Recipe tips and changes:
- Use a thin regular spatula when cooking the turkey sausage. I tried to use a wooden spoon and it just stuck together and was hard to work with.
- I used part-skim mozzerella instead of swiss cheese to cut calories
- I used 1 cup egg beaters instead of the 5 regular eggs to get rid of cholesterol
- I used skim milk, not 1%
Mini Mushroom & Sausage Quiches Recipe
8 ounces turkey breakfast sausage, removed from casing and crumbled into small pieces
1 teaspoon extra-virgin olive oil8 ounces mushrooms, sliced
1/4 cup sliced scallions
1/4 cup shredded Swiss cheese
1 teaspoon freshly ground pepper
5 eggs
3 egg whites
1 cup 1% milk
1.Position rack in center of oven; preheat to 325°F. Coat a nonstick muffin tin generously with cooking spray.
2.Heat a large nonstick skillet over medium-high heat.

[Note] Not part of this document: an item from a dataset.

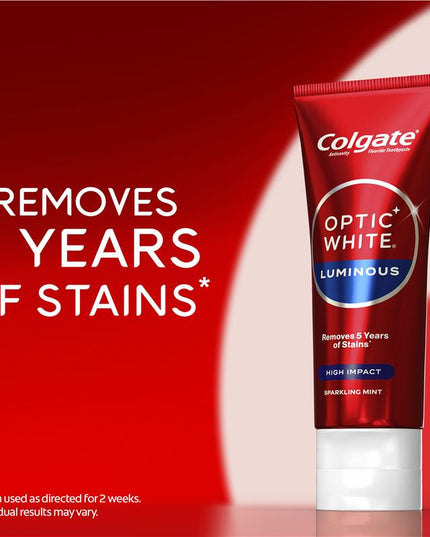 Colgate Toothpaste Optic White Luminous High Impact Teeth Whitening 85g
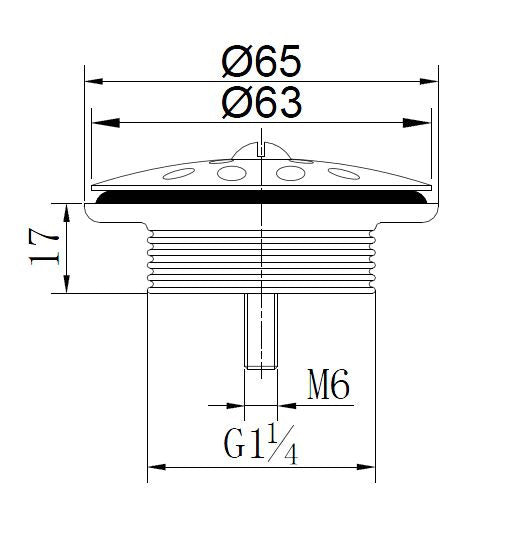 Eaukorv open afvoerplug rooster 5/4" geborsteld messing PVD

Add sausage and cook until golden brown, 6 to 8 minutes. Transfer to a bowl to cool. Add oil to the pan. Add mushrooms and cook, stirring often, until golden brown, 5 to 7 minutes. Transfer mushrooms to the bowl with the sausage. Let cool for 5 minutes. Stir in scallions, cheese and pepper.
3.Whisk eggs, egg whites and milk in a medium bowl. Divide the egg mixture evenly among the prepared muffin cups. Sprinkle a heaping tablespoon of the sausage mixture into each cup.
4.Bake until the tops are just beginning to brown, 25 minutes. Let cool on a wire rack for 5 minutes. Place a rack on top of the pan, flip it over and turn the quiches out onto the rack. Turn upright and let cool completely.